== Prompt ==
Without changing anything, copy out each entry.

(Records from a data source)

----------

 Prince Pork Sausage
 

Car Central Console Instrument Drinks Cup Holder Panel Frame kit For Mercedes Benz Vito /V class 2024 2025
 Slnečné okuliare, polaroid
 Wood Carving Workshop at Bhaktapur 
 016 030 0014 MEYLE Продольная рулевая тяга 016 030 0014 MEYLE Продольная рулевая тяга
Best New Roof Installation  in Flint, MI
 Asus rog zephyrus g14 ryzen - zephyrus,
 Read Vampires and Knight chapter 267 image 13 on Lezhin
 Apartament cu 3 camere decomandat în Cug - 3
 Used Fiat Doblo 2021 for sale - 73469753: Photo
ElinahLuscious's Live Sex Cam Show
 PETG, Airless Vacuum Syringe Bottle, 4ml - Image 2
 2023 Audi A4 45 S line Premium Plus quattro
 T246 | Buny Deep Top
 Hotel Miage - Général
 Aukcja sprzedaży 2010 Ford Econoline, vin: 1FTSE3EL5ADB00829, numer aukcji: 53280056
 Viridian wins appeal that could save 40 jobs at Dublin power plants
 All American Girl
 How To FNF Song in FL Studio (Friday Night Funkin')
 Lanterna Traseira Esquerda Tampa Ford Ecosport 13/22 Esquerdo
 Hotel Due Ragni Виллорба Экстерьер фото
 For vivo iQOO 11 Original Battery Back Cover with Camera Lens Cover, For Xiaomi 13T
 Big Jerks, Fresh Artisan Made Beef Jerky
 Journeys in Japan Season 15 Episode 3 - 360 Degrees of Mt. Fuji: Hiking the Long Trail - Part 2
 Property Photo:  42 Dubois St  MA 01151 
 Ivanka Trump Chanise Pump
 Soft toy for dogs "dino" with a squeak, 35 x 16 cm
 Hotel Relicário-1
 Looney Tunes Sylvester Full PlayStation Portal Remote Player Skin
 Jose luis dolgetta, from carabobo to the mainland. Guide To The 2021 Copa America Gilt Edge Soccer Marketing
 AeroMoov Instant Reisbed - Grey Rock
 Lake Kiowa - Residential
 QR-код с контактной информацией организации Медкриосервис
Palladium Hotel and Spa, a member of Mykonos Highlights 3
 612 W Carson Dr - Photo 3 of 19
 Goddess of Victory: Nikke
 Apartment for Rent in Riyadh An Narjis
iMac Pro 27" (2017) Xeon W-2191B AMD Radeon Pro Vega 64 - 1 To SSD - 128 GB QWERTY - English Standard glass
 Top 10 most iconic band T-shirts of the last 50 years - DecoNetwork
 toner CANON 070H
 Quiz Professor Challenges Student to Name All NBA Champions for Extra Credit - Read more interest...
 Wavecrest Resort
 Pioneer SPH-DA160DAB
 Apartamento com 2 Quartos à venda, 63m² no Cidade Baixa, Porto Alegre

----------

== Answer below ==
 Prince Pork Sausage
 

Car Central Console Instrument Drinks Cup Holder Panel Frame kit For Mercedes Benz Vito /V class 2024 2025
 Slnečné okuliare, polaroid
 Wood Carving Workshop at Bhaktapur 
 016 030 0014 MEYLE Продольная рулевая тяга 016 030 0014 MEYLE Продольная рулевая тяга
Best New Roof Installation  in Flint, MI
 Asus rog zephyrus g14 ryzen - zephyrus,
 Read Vampires and Knight chapter 267 image 13 on Lezhin
 Apartament cu 3 camere decomandat în Cug - 3
 Used Fiat Doblo 2021 for sale - 73469753: Photo
ElinahLuscious's Live Sex Cam Show
 PETG, Airless Vacuum Syringe Bottle, 4ml - Image 2
 2023 Audi A4 45 S line Premium Plus quattro
 T246 | Buny Deep Top
 Hotel Miage - Général
 Aukcja sprzedaży 2010 Ford Econoline, vin: 1FTSE3EL5ADB00829, numer aukcji: 53280056
 Viridian wins appeal that could save 40 jobs at Dublin power plants
 All American Girl
 How To FNF Song in FL Studio (Friday Night Funkin')
 Lanterna Traseira Esquerda Tampa Ford Ecosport 13/22 Esquerdo
 Hotel Due Ragni Виллорба Экстерьер фото
 For vivo iQOO 11 Original Battery Back Cover with Camera Lens Cover, For Xiaomi 13T
 Big Jerks, Fresh Artisan Made Beef Jerky
 Journeys in Japan Season 15 Episode 3 - 360 Degrees of Mt. Fuji: Hiking the Long Trail - Part 2
 Property Photo:  42 Dubois St  MA 01151 
 Ivanka Trump Chanise Pump
 Soft toy for dogs "dino" with a squeak, 35 x 16 cm
 Hotel Relicário-1
 Looney Tunes Sylvester Full PlayStation Portal Remote Player Skin
 Jose luis dolgetta, from carabobo to the mainland. Guide To The 2021 Copa America Gilt Edge Soccer Marketing
 AeroMoov Instant Reisbed - Grey Rock
 Lake Kiowa - Residential
 QR-код с контактной информацией организации Медкриосервис
Palladium Hotel and Spa, a member of Mykonos Highlights 3
 612 W Carson Dr - Photo 3 of 19
 Goddess of Victory: Nikke
 Apartment for Rent in Riyadh An Narjis
iMac Pro 27" (2017) Xeon W-2191B AMD Radeon Pro Vega 64 - 1 To SSD - 128 GB QWERTY - English Standard glass
 Top 10 most iconic band T-shirts of the last 50 years - DecoNetwork
 toner CANON 070H
 Quiz Professor Challenges Student to Name All NBA Champions for Extra Credit - Read more interest...
 Wavecrest Resort
 Pioneer SPH-DA160DAB
 Apartamento com 2 Quartos à venda, 63m² no Cidade Baixa, Porto Alegre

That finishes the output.